Она схватила Анину руку и сжала её с неожиданной силой, и пальцы её – одни кости, твёрдые, тонкие, тёмные – походили на железные крючья.
– Аня, Аня, – повторила она, задыхаясь, – ты спасёшь меня! Ради того – помнишь? – учились вместе, сидели вместе, вместе писали сочинения… Ты помнишь? помнишь? Сядь сюда. Слушай, что надо сделать. Ты пришла и всё сделаешь – да? да? Только действовать надо скоро, сейчас же, иначе гибель, будет поздно. Уже нельзя терять ни минуты. Ты пришла в последний момент!
Прежде всего она потребовала от Ани честного слова.
– Нет, лучше клятву! Клянись… ты веришь в Бога – клянись Богом, что всё, что ты узнаешь, навеки останется тайной. Так будет лучше, безопасней для всех.
И когда ошеломлённая Аня поклялась, Лиза рассказала ей всё, что случилось.
Лиза была членом революционной партии вот уже два года. Она любит товарища Андрея – вот уже год. И он любит её.
– Недавно он принимал участие в террористическом акте: третий метальщик. Ты слыхала, конечно. Ты читала в газетах. Ты знаешь. Он был схвачен с другими. Он осуждён в Сибирь, на каторгу… Он… в кандалах ушёл… Он уже отправлен по этапу. Аня! На двадцать лет! Ты слышишь это? На двадцать лет!
И Лиза снова пыталась встать и не могла. Заливаясь слезами, рыдая, задыхаясь от кашля, она ловила Анины руки, впивалась в них, как в якорь спасения.
– И ты можешь помочь мне! Я скажу как. – В изнеможении упав на подушки, она шептала беззвучно: – Спаси меня… Спаси.
Это всё было так не похоже на Париж, на балет, на жизнь самой Ани. Она отступила на шаг. Заметив это движение, Лиза зашептала испуганно:
– Не уходи! Спаси меня! Ч т о тебе! У тебя всё, у тебя так много всего: здоровье, свобода, красота, жизнь, богатство… и ты откажешь? А в гимназии мы всем делились… мы говорили: дружба навеки… – Её голова металась по плоской нечистой подушке. – И вот ты бросаешь меня и уходишь…

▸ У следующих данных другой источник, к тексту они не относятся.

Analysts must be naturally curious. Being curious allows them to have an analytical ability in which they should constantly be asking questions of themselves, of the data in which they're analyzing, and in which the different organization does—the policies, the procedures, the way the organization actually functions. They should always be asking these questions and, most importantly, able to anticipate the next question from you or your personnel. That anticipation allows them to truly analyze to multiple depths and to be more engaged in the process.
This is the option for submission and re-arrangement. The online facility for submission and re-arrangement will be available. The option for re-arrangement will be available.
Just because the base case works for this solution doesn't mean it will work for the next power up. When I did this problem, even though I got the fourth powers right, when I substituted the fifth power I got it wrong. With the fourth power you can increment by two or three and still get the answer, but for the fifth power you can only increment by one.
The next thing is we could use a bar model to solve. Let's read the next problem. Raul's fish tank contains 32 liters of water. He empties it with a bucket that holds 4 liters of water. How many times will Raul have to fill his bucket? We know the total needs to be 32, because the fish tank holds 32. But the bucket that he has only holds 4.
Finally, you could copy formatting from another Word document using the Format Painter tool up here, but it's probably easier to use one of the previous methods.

Благородство – родовое, присущее всем Головиным, – поднялось в душе Ани. Она сказала твёрдо:
– Я сделаю. Я обещаю. Скажи, что нужно.
Задыхаясь, спеша, заливаясь слезами и кашлем, Лиза изложила ей «план». Первым решением Лизы было следовать за Андреем в Сибирь и там жить с ним вместе. Но право следовать за осуждённым политическим преступником даётся только законным жёнам, то есть повенчанным церковным браком, в церкви. Андрей и Лиза решили повенчаться. Было уже получено от властей разрешение на брак. Затруднение оказалось за Лизой. Она происходила из очень консервативной, чиновничьей семьи. Отец её был монархист по убеждению, на царской службе. С огромным трудом, после долгой борьбы, она вырвалась на курсы. Недовольная семья, через знакомых, старалась вести за нею слежку, негласный надзор. Недавно, очевидно, узнали что-то. Отец прислал приказ: бросить курсы и немедленно возвратиться домой. Лиза не подчинилась. Родители прекратили посылку денег. Не имея средств, она не смогла выехать за Андреем, к тому же заболела. «И ты видишь, Аня, довольно серьёзно».

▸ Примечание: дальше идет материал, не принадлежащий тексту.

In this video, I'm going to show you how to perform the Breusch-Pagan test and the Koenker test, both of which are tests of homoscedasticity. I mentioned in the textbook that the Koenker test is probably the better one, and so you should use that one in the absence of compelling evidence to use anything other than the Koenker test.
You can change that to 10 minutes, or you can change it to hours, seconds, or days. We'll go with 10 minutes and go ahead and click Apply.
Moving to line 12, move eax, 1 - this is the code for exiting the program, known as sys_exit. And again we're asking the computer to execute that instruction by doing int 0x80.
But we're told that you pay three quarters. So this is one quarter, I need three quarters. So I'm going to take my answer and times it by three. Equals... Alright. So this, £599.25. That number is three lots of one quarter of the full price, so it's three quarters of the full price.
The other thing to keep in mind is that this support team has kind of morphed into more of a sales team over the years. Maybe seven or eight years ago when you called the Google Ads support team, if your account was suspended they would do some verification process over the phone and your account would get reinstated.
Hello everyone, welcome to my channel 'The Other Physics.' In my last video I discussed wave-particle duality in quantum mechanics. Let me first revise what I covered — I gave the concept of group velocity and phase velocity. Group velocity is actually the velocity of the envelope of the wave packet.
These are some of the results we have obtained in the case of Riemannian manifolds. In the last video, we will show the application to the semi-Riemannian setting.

В конце концов решено было так: Лиза выедет вскоре вслед за Андреем. Она догонит его в одном маленьком городке Сибири. «Каторжане, ты знаешь, идут очень медленно». В том городке они повенчаются и дальше пойдут уже вместе. На это уже есть разрешение. Тогда родители, потеряв власть над несовершеннолетней Лизой, не смогут ни остановить её, ни вернуть. Но пока Лизе надо действовать совершенно секретно. И что же? На днях она получила письмо из дому: мать и старший брат едут за нею. Возможно, они уже здесь. Они могут войти сюда, в эту комнату, каждую минуту.

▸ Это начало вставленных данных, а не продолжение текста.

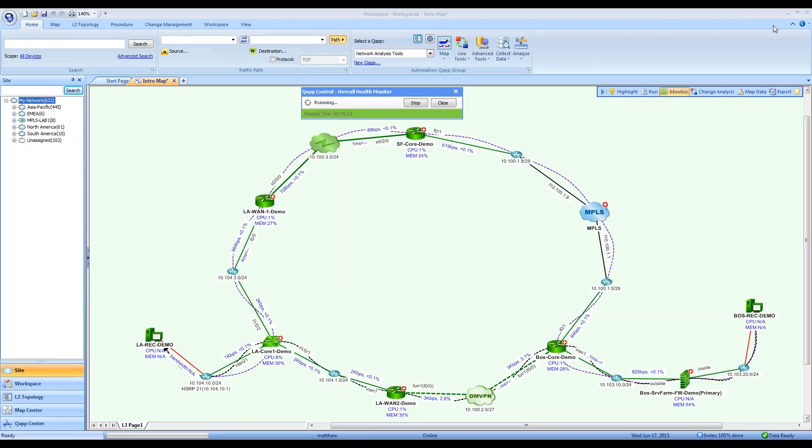NetBrain will not do your job for you, but it will let you do your job with vastly increased ease, speed, and effectiveness.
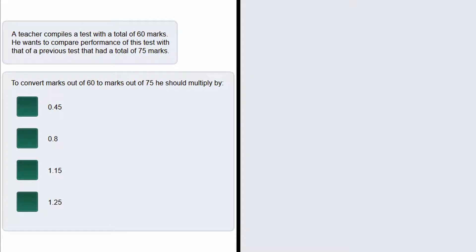In this question we are given that a teacher compiles a test with a total of 60 marks and he wants to compare the performance of this test with that of a previous test that had a total of 75 marks.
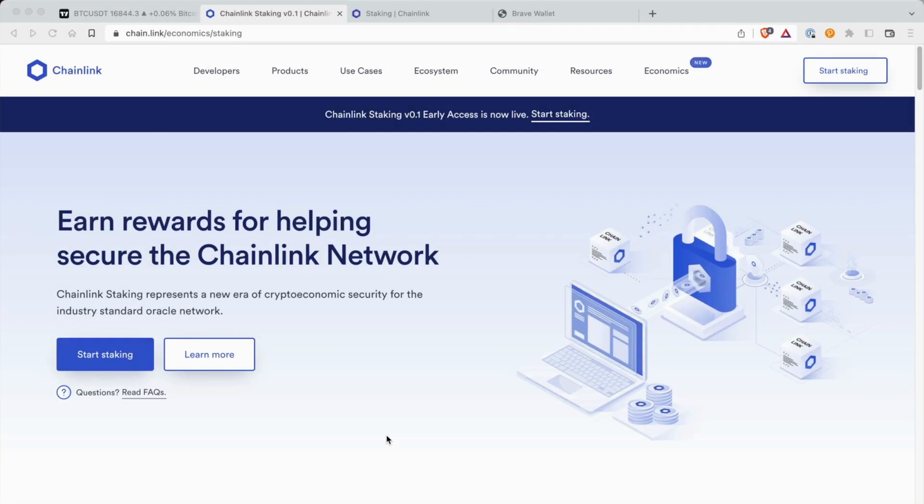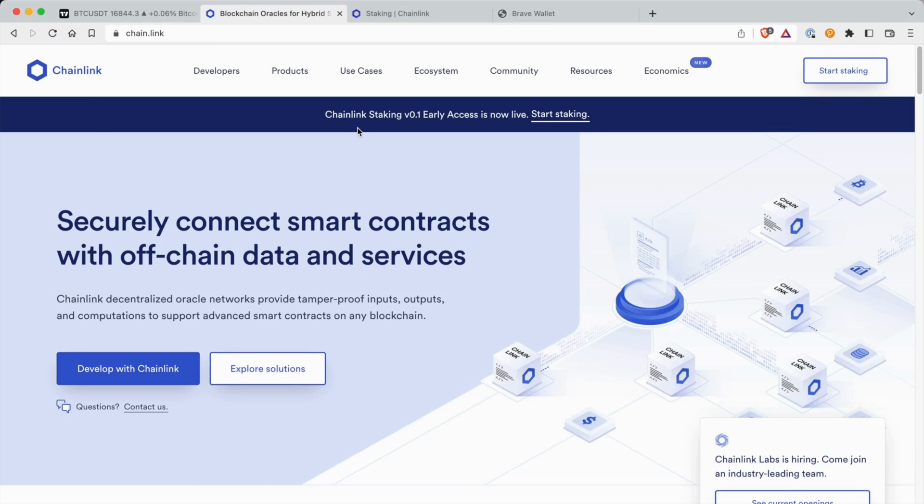Welcome back to LCS. My name is Oliver and today I'm going to walk you through how to stake your Chainlink through Chainlink Staking v1. Early access is now live, so the first thing you want to do is head over to chain.link.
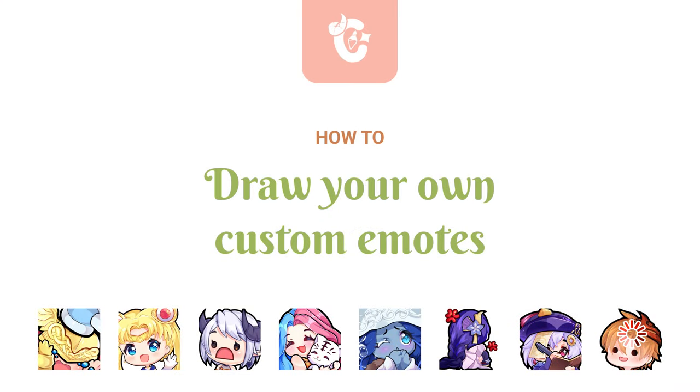Hello everyone, I'm Selu and today I'm going to share with you my process for drawing custom emotes for Twitch, YouTube and Discord. Let's get into it.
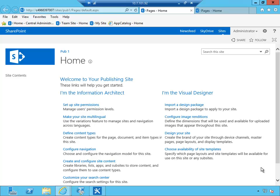Now the main drawback is that Design Manager is only available for publishing sites and not for team sites and other types of sites. It requires publishing features to be turned on, which is a bit of a drawback, but one of the main challenges with publishing sites is they actually, unlike other sites, do require a lot of heavy customization, so having a Design Manager is great.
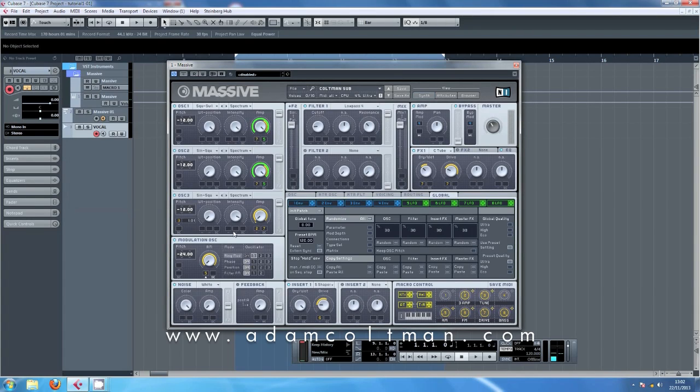Hello and welcome to my tutorial, I'm Adam. Today I want to talk to you about creating sub bass in Native Instruments Massive.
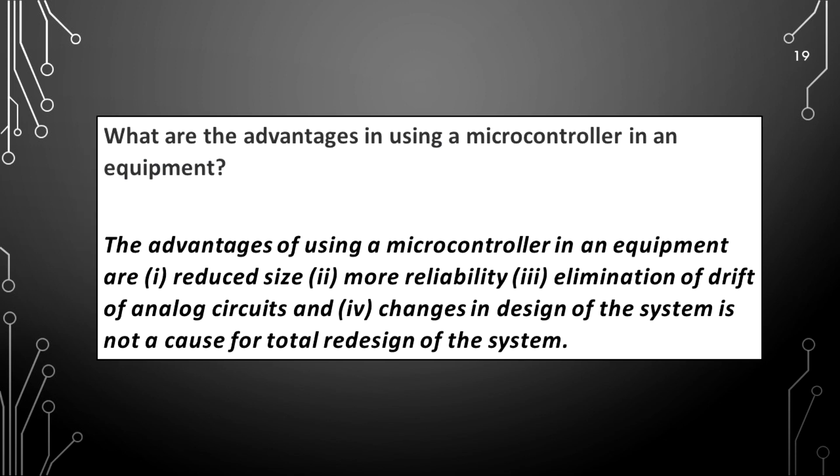What are the advantages in using a microcontroller in an equipment? The advantages of using a microcontroller in an equipment are reduced size, more reliability, elimination of drift of analog circuits, and changes in design of the system is not a cause for total redesign of the system.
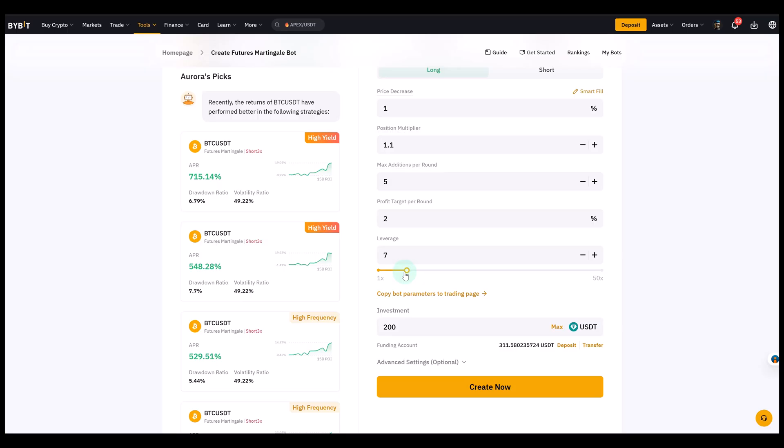Now important is the investment field. I have now 200 USDT there. And that's quite straightforward. That's the maximum capital the bot can actually use. So 200 USDT. The bot cannot spend more than this.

– И вот осталось одно спасение – ты, моя Аня! Я встану, я поправлюсь, но только сейчас мне надо помочь. Тебе не будет трудно. Даже не будет хлопот никаких. Немного денег, немного времени – и это всё.
Слёзы, мольбы страшной, неузнаваемой Лизы заставили Аню сказать ещё раз:
– Сделаю всё, как ты просишь.
– Теперь слушай. Я объясню.
Если венчание не произойдёт в том городе в назначенный день, разрешение на брак теряет силу, недействительно для другого города и дня. Надо будет хлопотать, начиная всё сначала. А Андрей между тем будет уходить всё дальше и дальше. Один.